What to do: Output exactly, with nothing added, the entries from the first line through the line with "Woman wearing a".

========

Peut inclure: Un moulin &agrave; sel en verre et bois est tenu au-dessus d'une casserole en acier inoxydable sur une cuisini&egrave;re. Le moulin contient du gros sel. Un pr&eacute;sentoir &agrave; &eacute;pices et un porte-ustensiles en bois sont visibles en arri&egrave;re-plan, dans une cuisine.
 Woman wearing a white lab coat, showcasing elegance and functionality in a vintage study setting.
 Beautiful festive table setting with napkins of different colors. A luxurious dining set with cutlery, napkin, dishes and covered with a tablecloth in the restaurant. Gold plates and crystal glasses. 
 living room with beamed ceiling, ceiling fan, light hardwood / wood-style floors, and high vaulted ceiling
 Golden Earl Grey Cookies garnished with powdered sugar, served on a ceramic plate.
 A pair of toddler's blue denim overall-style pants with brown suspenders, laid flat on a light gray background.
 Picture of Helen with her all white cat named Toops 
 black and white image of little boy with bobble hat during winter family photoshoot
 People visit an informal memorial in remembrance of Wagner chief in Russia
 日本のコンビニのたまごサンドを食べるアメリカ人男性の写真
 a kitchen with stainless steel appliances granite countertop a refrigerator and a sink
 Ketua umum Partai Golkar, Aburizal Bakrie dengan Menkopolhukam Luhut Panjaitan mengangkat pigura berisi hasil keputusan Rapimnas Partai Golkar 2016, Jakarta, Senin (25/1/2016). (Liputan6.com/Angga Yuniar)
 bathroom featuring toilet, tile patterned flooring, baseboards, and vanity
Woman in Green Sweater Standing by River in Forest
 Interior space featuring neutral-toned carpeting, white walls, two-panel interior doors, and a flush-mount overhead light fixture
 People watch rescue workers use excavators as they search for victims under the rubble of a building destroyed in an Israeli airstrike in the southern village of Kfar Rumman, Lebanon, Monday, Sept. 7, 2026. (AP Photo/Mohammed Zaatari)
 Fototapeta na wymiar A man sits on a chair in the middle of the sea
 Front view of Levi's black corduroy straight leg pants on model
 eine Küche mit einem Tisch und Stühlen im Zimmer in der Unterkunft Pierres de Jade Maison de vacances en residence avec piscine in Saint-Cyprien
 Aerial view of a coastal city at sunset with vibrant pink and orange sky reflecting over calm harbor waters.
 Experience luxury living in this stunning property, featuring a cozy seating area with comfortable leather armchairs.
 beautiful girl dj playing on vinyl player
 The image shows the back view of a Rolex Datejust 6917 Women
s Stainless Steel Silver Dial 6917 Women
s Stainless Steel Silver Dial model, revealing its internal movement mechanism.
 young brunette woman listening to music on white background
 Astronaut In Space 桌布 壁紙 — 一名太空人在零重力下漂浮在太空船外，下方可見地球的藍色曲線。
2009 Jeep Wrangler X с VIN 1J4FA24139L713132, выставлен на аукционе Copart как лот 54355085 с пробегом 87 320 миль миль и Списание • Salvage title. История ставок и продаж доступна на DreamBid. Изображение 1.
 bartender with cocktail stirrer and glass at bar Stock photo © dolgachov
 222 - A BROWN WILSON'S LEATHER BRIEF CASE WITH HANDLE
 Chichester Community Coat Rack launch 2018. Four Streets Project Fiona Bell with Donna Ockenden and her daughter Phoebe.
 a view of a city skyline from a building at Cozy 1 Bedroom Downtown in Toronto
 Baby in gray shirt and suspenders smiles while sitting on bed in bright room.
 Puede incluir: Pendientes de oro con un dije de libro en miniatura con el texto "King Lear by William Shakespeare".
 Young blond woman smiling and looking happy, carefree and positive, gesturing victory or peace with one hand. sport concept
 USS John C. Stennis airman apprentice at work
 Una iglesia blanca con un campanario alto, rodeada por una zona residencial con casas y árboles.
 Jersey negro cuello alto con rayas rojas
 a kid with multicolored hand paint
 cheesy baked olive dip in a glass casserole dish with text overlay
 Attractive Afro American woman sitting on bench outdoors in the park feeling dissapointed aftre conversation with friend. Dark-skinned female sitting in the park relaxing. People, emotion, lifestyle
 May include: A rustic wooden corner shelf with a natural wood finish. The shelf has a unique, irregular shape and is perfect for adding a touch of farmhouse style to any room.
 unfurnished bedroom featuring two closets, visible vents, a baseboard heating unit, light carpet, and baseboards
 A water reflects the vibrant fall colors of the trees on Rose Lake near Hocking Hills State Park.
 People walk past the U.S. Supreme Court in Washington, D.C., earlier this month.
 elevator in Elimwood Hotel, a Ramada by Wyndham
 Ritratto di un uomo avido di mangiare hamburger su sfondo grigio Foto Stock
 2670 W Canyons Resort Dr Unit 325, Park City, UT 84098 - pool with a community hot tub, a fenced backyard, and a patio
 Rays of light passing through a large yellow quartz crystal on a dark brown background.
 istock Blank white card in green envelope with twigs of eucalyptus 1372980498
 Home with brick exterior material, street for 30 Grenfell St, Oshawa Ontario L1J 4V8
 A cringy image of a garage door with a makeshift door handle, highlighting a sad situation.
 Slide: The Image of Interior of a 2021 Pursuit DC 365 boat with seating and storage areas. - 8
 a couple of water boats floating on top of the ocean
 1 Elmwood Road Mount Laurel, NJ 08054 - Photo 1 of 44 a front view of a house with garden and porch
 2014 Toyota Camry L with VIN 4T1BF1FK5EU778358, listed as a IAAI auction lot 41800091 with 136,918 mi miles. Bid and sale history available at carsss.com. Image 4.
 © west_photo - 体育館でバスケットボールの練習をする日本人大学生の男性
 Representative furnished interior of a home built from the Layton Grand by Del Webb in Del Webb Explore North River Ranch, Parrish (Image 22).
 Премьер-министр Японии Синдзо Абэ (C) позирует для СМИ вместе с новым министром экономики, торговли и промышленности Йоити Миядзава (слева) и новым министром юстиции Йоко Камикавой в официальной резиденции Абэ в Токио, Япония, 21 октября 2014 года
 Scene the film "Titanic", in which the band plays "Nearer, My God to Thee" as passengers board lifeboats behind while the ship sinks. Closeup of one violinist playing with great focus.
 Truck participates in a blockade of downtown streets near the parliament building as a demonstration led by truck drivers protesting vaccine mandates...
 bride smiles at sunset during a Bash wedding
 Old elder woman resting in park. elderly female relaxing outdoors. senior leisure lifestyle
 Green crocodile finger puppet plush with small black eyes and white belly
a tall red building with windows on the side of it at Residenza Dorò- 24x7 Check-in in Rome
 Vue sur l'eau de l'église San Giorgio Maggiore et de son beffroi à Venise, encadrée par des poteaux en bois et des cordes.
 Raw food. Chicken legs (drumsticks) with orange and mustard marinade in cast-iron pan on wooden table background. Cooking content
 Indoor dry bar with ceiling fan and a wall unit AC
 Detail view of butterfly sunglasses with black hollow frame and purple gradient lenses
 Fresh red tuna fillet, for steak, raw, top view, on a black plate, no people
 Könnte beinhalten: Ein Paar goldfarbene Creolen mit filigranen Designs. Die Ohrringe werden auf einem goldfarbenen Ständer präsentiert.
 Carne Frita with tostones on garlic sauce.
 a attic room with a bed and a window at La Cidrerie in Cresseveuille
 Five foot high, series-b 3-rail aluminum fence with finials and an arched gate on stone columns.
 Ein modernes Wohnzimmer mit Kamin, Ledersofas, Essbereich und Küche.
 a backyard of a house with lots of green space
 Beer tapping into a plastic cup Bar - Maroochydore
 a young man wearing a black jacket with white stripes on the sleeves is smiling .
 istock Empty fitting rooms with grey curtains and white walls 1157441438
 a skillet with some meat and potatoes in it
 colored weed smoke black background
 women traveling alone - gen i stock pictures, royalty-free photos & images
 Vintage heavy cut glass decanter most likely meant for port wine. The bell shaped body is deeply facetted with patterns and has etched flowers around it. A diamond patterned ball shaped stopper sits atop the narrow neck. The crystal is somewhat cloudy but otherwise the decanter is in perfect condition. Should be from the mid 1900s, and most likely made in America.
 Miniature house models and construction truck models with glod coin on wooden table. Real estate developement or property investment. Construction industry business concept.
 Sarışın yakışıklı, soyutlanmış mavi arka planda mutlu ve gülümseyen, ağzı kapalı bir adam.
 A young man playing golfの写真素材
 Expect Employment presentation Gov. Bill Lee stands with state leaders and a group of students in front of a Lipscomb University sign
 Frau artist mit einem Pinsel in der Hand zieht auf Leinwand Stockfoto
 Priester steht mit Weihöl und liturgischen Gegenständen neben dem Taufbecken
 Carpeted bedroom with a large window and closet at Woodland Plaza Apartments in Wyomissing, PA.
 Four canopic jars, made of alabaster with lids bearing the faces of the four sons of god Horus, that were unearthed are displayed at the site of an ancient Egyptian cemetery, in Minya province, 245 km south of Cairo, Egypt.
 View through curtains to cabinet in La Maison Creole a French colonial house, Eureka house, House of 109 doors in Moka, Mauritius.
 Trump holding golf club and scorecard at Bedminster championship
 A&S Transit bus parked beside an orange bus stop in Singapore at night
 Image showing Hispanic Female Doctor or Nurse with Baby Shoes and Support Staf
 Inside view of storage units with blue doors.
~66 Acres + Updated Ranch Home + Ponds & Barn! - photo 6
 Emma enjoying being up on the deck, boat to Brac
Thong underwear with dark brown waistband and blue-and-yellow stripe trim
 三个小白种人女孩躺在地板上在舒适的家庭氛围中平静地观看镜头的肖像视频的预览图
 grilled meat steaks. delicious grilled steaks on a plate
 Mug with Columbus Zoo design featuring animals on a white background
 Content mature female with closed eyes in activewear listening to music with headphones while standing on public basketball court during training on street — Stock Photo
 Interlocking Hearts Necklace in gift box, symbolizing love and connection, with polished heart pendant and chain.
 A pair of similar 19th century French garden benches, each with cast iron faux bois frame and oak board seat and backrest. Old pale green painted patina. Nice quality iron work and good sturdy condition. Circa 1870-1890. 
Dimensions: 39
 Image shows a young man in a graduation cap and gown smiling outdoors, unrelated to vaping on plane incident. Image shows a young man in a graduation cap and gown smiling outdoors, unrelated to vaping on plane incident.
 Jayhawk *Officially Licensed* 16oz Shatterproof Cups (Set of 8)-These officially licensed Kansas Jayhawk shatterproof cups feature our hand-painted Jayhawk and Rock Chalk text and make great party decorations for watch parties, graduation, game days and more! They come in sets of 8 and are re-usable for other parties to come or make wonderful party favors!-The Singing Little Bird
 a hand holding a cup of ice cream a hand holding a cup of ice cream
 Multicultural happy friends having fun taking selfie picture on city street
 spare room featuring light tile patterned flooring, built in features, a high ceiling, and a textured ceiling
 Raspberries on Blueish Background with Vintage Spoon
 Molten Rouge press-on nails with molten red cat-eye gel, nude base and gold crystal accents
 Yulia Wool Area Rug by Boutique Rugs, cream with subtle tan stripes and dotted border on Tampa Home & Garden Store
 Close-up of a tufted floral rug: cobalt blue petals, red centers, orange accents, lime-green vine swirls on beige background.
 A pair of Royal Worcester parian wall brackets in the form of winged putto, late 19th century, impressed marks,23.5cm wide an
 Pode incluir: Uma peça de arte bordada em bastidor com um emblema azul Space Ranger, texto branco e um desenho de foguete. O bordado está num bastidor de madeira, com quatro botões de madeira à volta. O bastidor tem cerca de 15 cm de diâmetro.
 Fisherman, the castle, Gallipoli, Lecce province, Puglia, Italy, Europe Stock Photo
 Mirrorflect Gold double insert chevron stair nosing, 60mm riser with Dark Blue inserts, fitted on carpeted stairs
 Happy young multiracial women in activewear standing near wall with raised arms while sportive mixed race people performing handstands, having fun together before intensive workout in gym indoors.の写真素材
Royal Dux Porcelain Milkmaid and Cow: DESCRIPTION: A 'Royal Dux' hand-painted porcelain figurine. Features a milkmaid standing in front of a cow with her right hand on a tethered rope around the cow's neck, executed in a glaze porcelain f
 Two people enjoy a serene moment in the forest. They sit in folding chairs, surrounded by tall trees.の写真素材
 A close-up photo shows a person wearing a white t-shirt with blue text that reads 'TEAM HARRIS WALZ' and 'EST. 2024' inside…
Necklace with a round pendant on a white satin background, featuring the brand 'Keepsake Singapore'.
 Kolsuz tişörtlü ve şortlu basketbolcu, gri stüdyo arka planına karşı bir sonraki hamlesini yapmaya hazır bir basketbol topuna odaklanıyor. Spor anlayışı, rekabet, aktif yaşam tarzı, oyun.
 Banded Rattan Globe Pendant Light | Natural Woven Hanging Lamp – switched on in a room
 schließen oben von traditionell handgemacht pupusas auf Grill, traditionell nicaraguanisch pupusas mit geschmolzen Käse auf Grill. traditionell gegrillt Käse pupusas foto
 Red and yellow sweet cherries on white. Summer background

========

Completed exercise:
Peut inclure: Un moulin &agrave; sel en verre et bois est tenu au-dessus d'une casserole en acier inoxydable sur une cuisini&egrave;re. Le moulin contient du gros sel. Un pr&eacute;sentoir &agrave; &eacute;pices et un porte-ustensiles en bois sont visibles en arri&egrave;re-plan, dans une cuisine.
 Woman wearing a white lab coat, showcasing elegance and functionality in a vintage study setting.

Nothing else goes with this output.